A massive leak of the Italian cyber-surveillance firm Hacking Team's data has revealed that Azerbaijan's Ministry of National Security has licensed the company's sophisticated Remote Control System (RCS) spyware, a charge the company had previously explicitly denied.
Hacking Team insisted it did not sell its products to “repressive regimes” and “has a customer policy concerning the human rights implications of its products, and claims it investigates and may take action in response to reported cases of abuse,” according to a March 2015 report by the University of Toronto's Citizen Lab. A February 2014 report by Citizen Lab tied Hacking Team to eleven repressive regimes around the world.
Internal company documents show Azerbaijan's Ministry of National Security purchased a license for Hacking Team's Remote Control System (RCS) surveillance spyware via a California-based intermediary called Horizon Global Group in 2013 for an initial payment of €320,000. Annual maintenance fees of €16,000 were made through Horizon in 2014 and 2015. Hacking Team could not be reached for comment, and ministry public relations head Arif Babayev denied working with Hacking Team.
Hacking Team invoices show Horizon made payments of €130,000 on March 10, 2013 and €190,000 on May 30, 2013 for an initial RCS license. The dates and sums of these payments correspond to separate Hacking Team spreadsheets documenting payments from the government of Azerbaijan. Horizon Global Group has no online presence, public profile, or a listed phone number and lists its address as “Ranchos Palos Verdes, Nevada, CA 90274”.
When contacted as part of a December 2013 investigation by the Ecuadorian newspaper El Universo, Hacking Team denied selling its products through “independent agents”.

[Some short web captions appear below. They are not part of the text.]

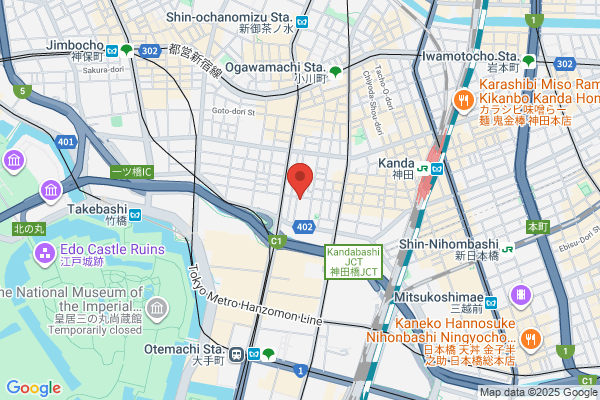 Shin-Etsu Film Co., Ltd.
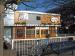 Picture of Shack 68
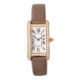 orologio cartier tank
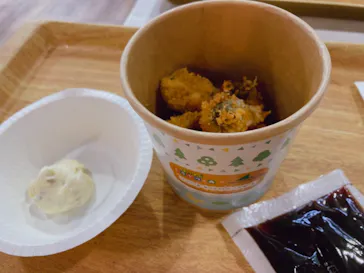 横浜・八景島シーパラダイスに投稿された画像（2021/8/13）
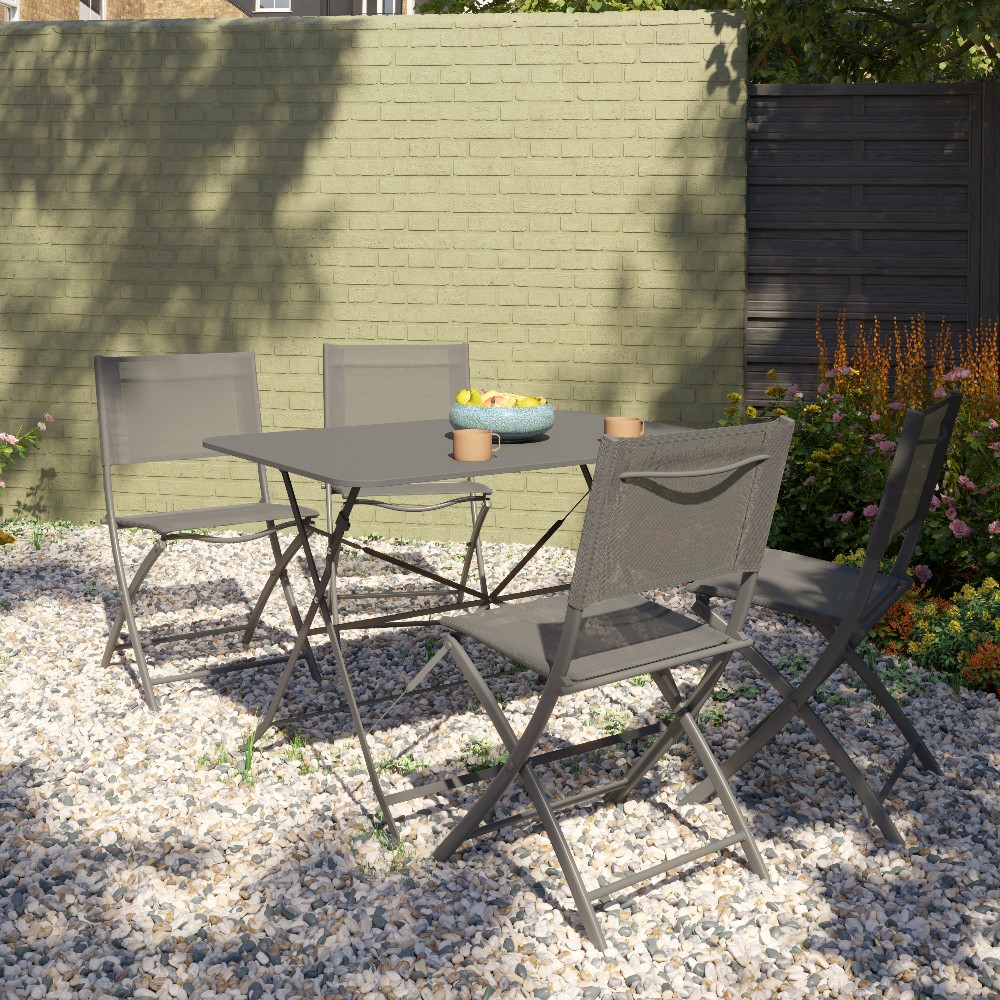 goodhome-outdoor-folding-chair-saba-steel-grey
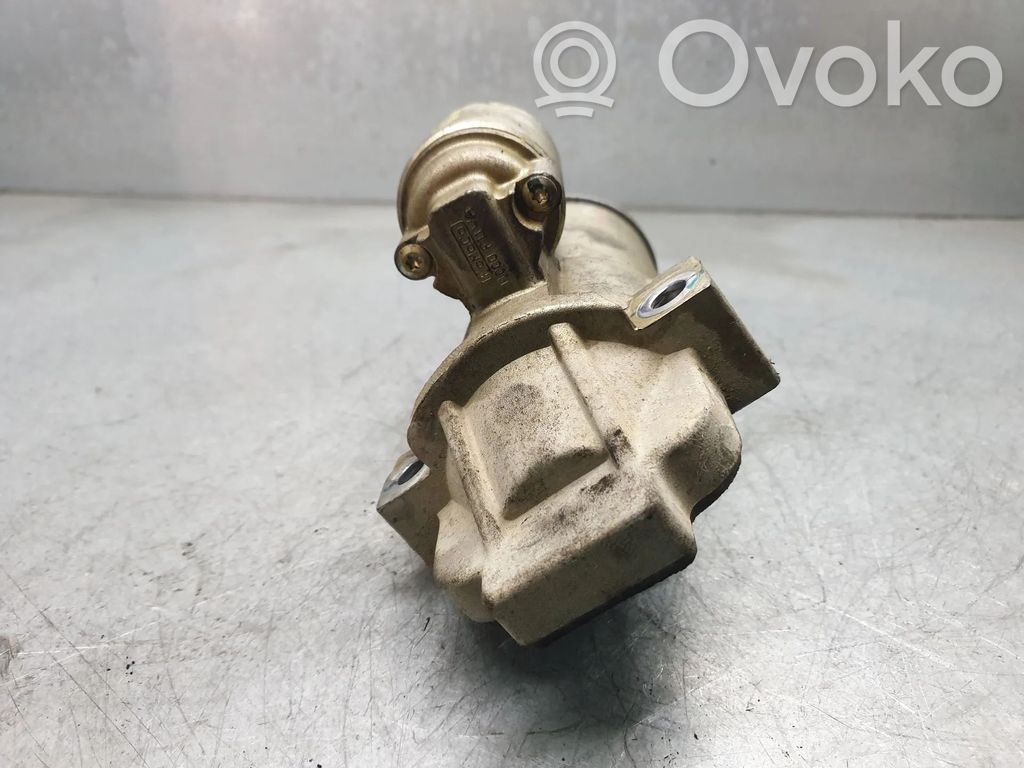 Starter motor   GK2T11000AB,1251700,1300504,1366986,1379702,1477482,1525794,1762876,1S7U11131AA,1S7UAA,2011357,2011358,2120265,2214299,2225618,2225623,2359511,2359592,2359606,2529636,30667059,30667059A,30667738,30667738AA,30795405,30795405AA,31268034,31268034AA,36002497,3M5T11000AA,3M5T11000AB,3M5T11000AC,3M5T11000AD,3M5T11000AE,3S4T11000AB,3S4T11000AC,4542546,4587107,4635595,4727857,4918434,4S4T11000AA,5M5T11000AB,5S4T11000AA,6G9N11000AA,6G9N11000AB,6S4T11000AA,8603292,8603689,8S4T11000AA,AMIF5C11000AA,F5C11000AA,FI1WA,GK2T11000AA,GK2T11000AA00,GK2T11000AB,GK2T11000AC,GK2T11000BA,GK2T11000BB,GK2T11000BC,GK2T11000BD,GK2T11000DA,GK2T11000DB,GK2T11000DC,GK2TAA,GK2TAB,IF5C11000AA,IF5CAA,M0T88581ZP,VP1S7U11131AA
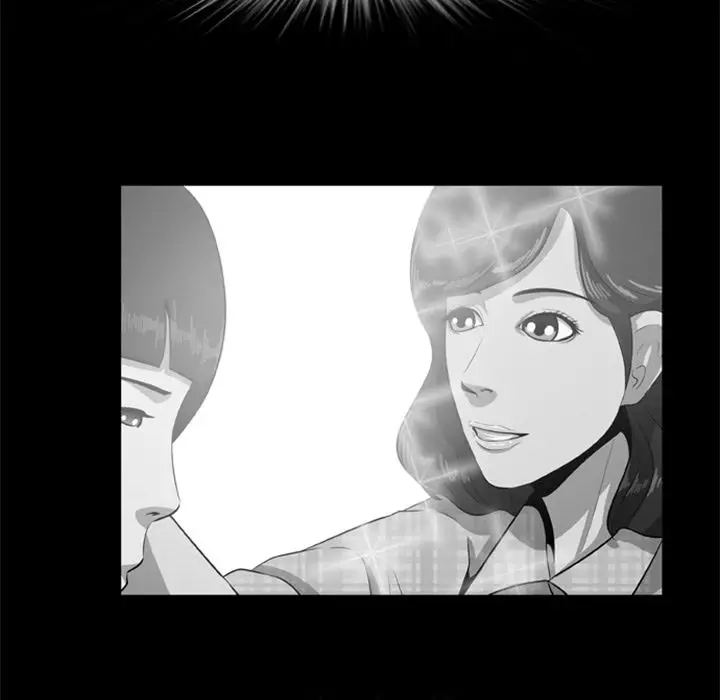 Zombie Wave page 59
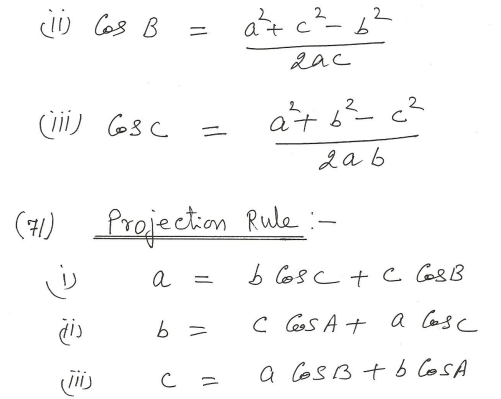 class_11_maths_concept_2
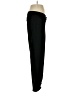 Old Navy Black Dress Pants Size 16 - photo 4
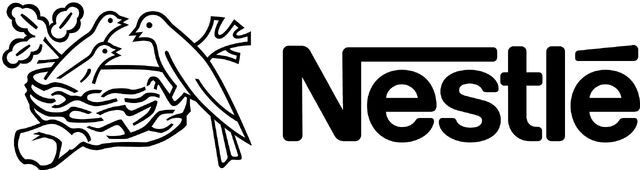 File:Nestle.jpg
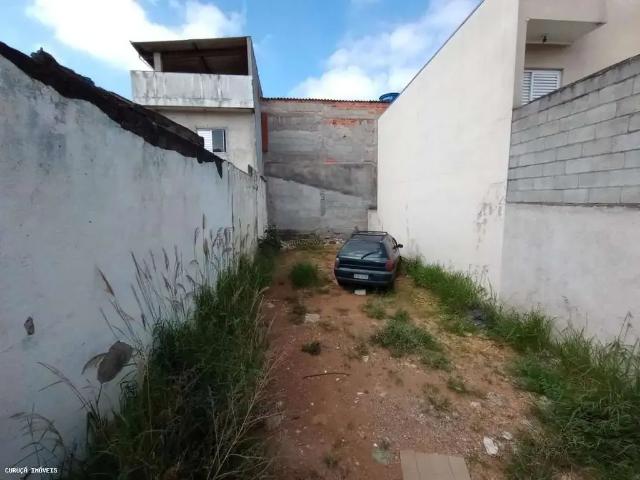 Terreno aluguel em Região Imediata de São Paulo, Região Metropolitana de São Paulo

Founded in 2003, Hacking Team describes itself as an “ethical hacking” firm specializing in “offensive IT security”. In a 2008 presentation released by Wikileaks, the company claimed its RCS software – the software it has covertly provided the Azerbaijani government since 2013 – is capable of secretly “log any action performed by means of a personal computer … or smartphone”.
Remote Control System renders the use of secure communication channels moot by collecting data on an infected device itself, not only data sent over the internet. Emails are recorded by keystroke loggers before encryption. and RCS can turn on a device's camera or microphone without alerting the user.
The leaked documents confirm that Hacking Team has sold RCS to the security services of Kazakhstan, Uzbekistan, Ethiopia, Turkey, Egypt, Bahrain, Russia, Sudan, and others. Of all these clients, only Russia and Sudan carry the caveat “not officially supported”. As Hacking Team has always refused to identify any of its clients publicly, the meaning of this phrase is not immediately clear.
Despite RCS's widespread use, researchers and activists have only been able to tie the governments of Sudan, UAE, Ethiopia, and Turkey to specific rights abuses involving RCS. Citizen Lab documented an RCS endpoint active in Azerbaijan from June to November 2013, but is unclear who was under surveillance.
CORRECTION: Due to inconsistencies in Hacking Team's internal documents, this article originally identified the Azerbaijani client as the Ministry of National Defense. The actual client was the Ministry of National Security.